-- THE PROBLEM --
Please retype the data below exactly, stopping after the line with "Ron Crawford Photo 32" and skipping every picture.

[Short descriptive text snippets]

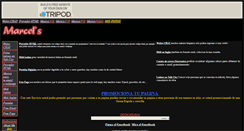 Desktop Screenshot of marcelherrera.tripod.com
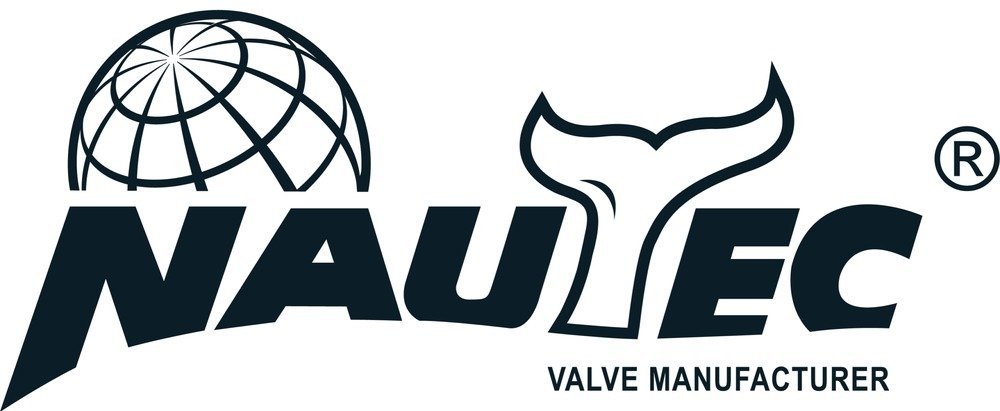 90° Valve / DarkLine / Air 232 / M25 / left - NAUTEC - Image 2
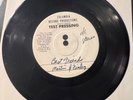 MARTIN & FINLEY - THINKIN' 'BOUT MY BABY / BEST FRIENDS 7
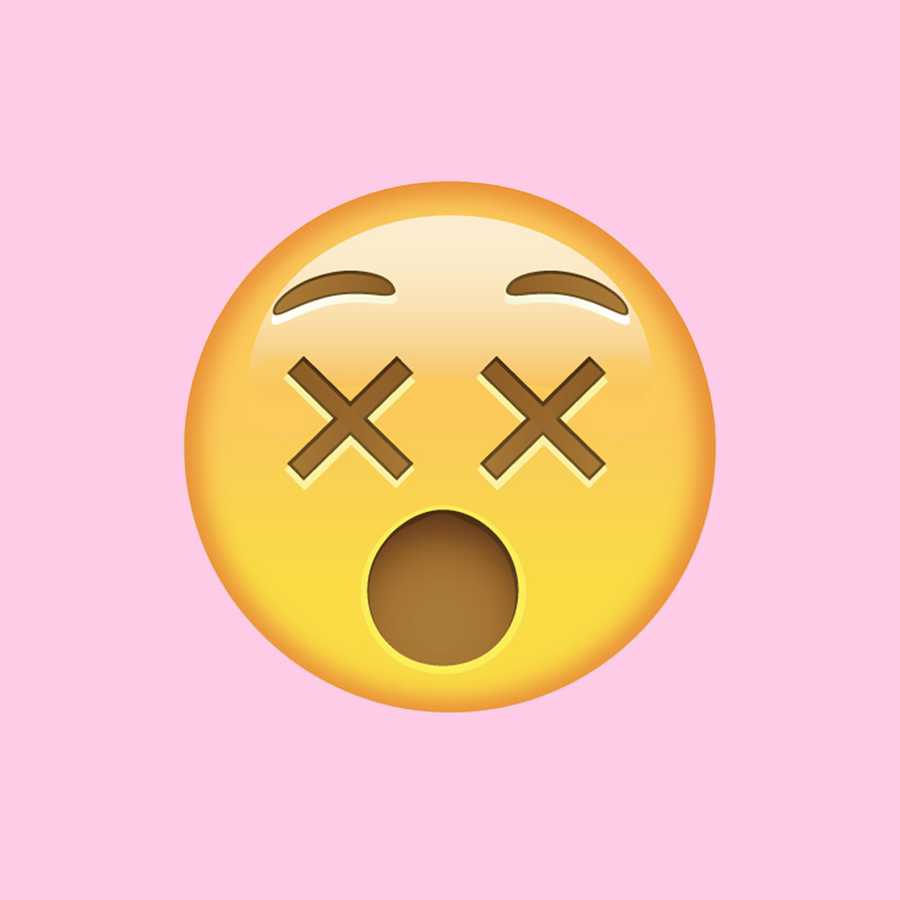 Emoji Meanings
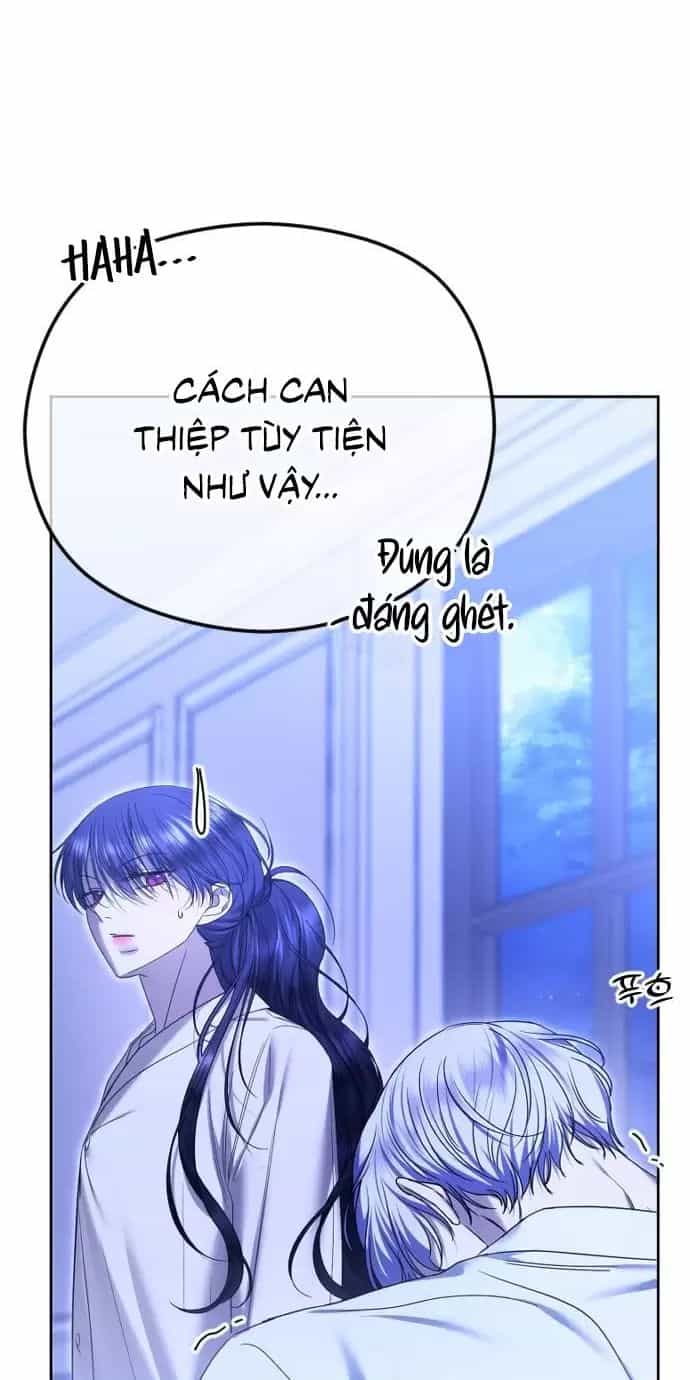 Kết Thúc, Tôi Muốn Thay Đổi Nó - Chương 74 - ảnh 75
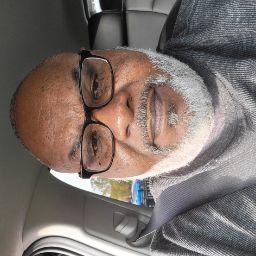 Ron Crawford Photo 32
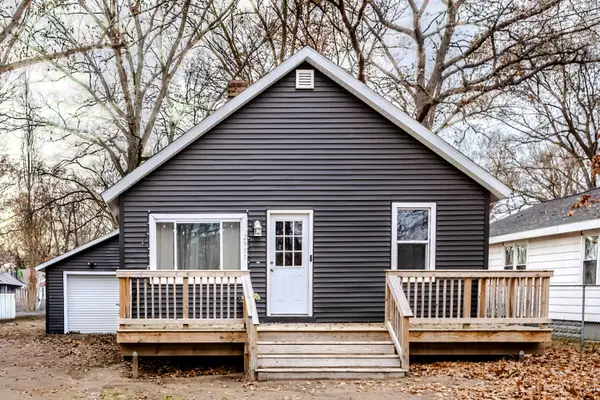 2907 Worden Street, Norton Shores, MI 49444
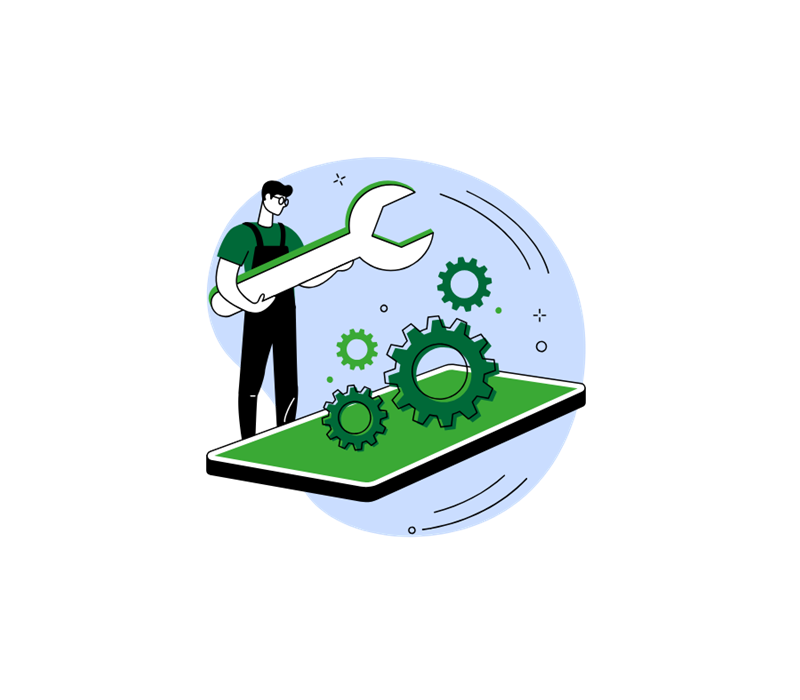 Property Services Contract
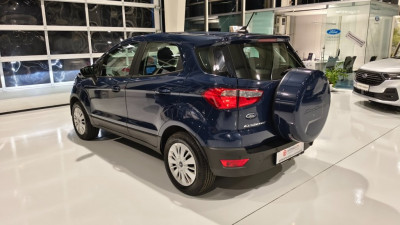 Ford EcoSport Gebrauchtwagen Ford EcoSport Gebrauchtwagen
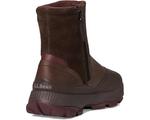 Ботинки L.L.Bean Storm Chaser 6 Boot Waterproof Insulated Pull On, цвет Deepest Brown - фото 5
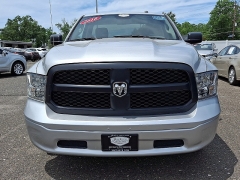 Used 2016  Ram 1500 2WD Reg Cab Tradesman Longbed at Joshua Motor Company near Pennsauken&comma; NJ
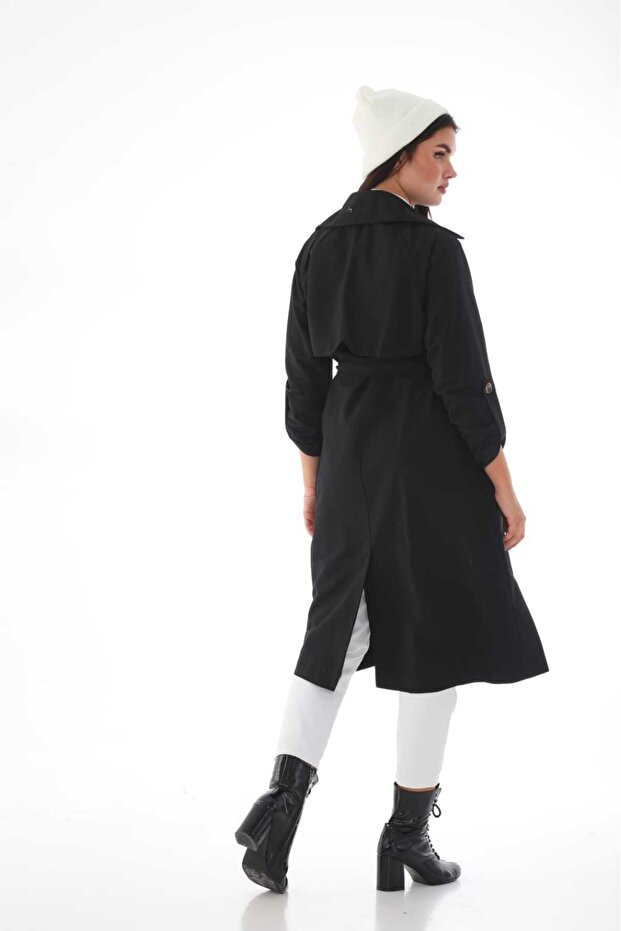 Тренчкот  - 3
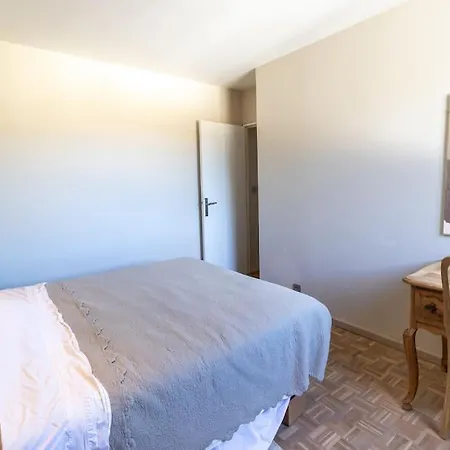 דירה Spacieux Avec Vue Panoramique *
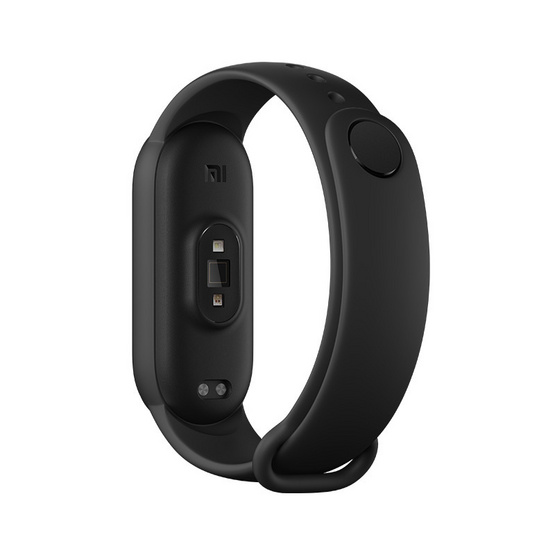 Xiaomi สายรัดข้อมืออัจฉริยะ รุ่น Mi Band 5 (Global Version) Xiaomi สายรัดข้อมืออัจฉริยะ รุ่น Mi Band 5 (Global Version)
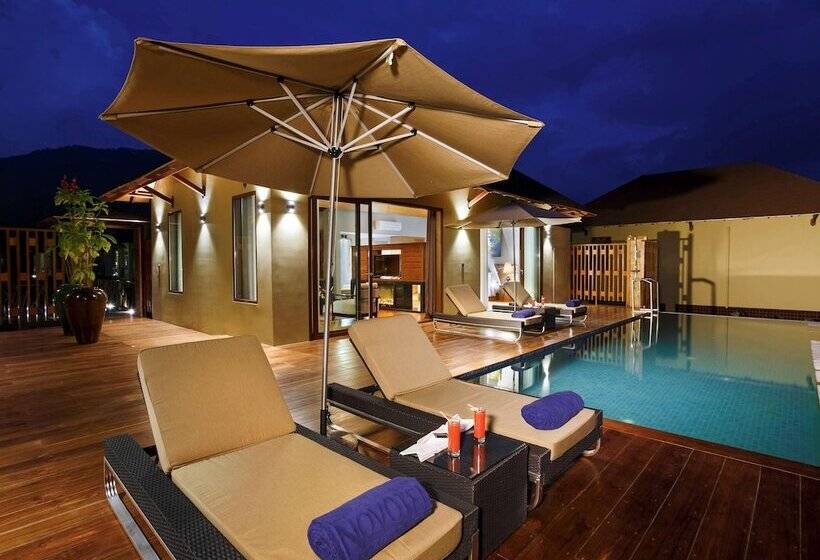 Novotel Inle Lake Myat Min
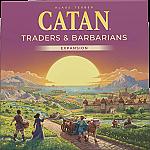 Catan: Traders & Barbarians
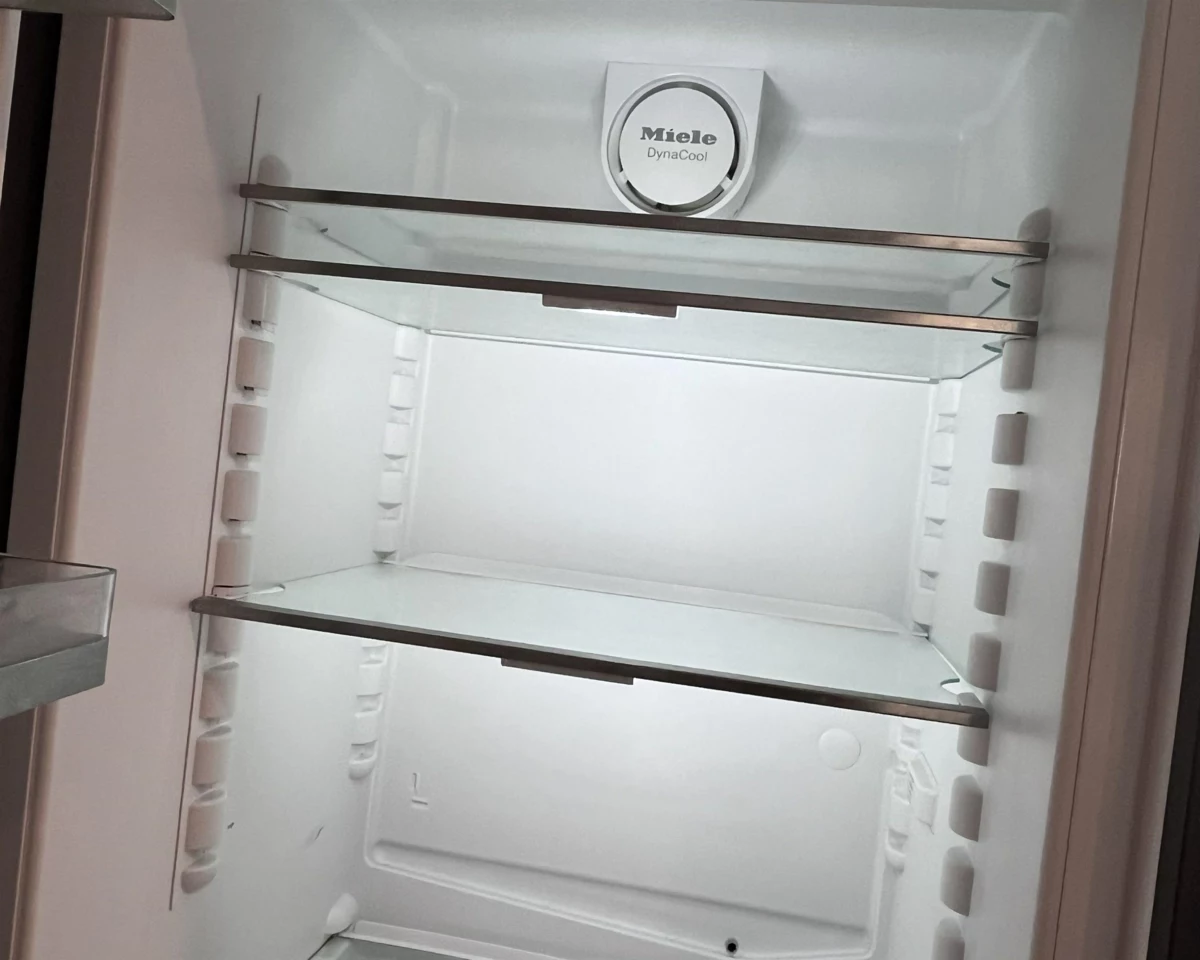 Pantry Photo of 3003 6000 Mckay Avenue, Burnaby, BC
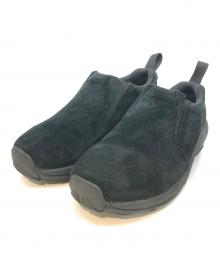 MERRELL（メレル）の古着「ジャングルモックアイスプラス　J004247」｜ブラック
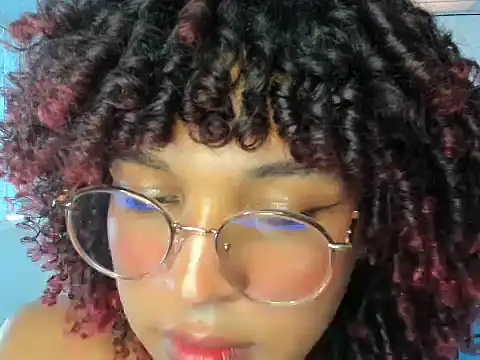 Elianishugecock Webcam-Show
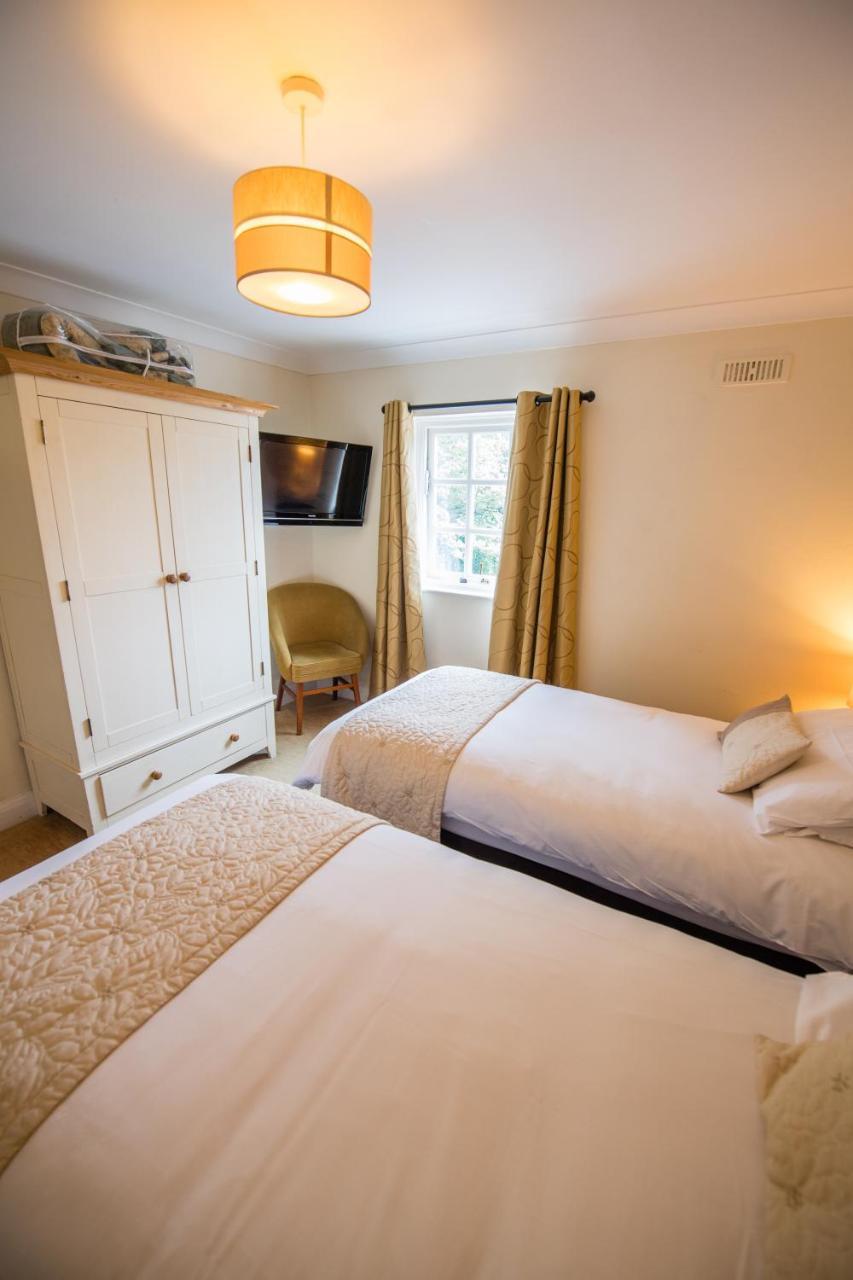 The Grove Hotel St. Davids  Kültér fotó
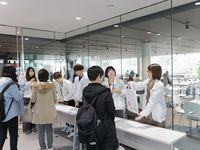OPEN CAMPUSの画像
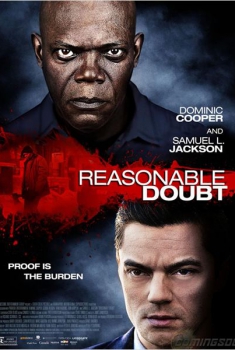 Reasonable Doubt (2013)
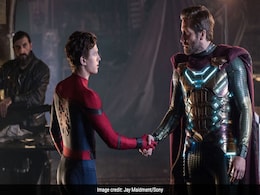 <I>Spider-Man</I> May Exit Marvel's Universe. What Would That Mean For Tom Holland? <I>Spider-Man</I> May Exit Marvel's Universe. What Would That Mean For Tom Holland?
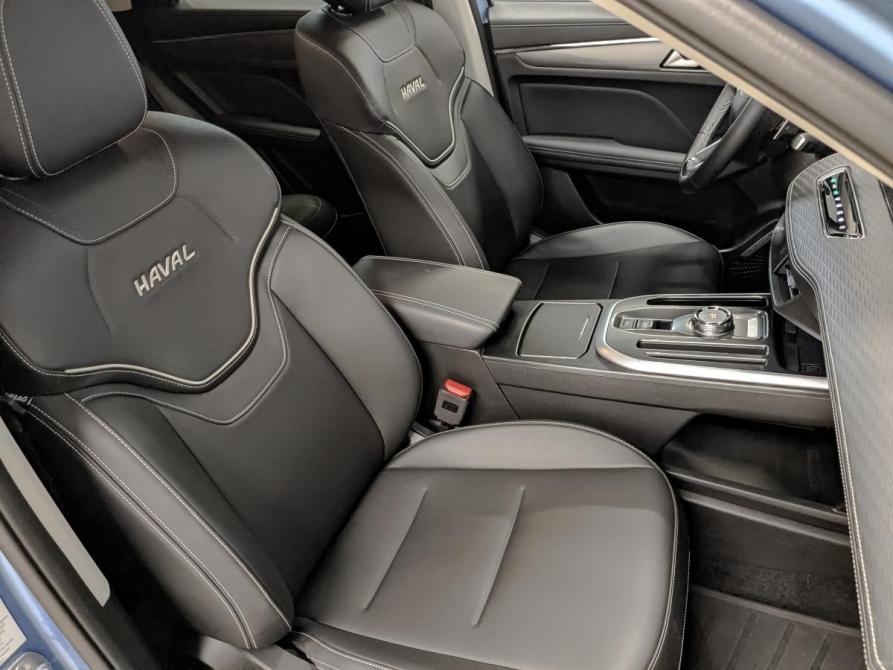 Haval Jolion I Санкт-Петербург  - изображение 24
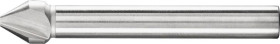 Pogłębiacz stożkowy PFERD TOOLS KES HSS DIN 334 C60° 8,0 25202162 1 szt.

-- SOLVED EXERCISE --
 Desktop Screenshot of marcelherrera.tripod.com
 90° Valve / DarkLine / Air 232 / M25 / left - NAUTEC - Image 2
 MARTIN & FINLEY - THINKIN' 'BOUT MY BABY / BEST FRIENDS 7
 Emoji Meanings
 Kết Thúc, Tôi Muốn Thay Đổi Nó - Chương 74 - ảnh 75
 Ron Crawford Photo 32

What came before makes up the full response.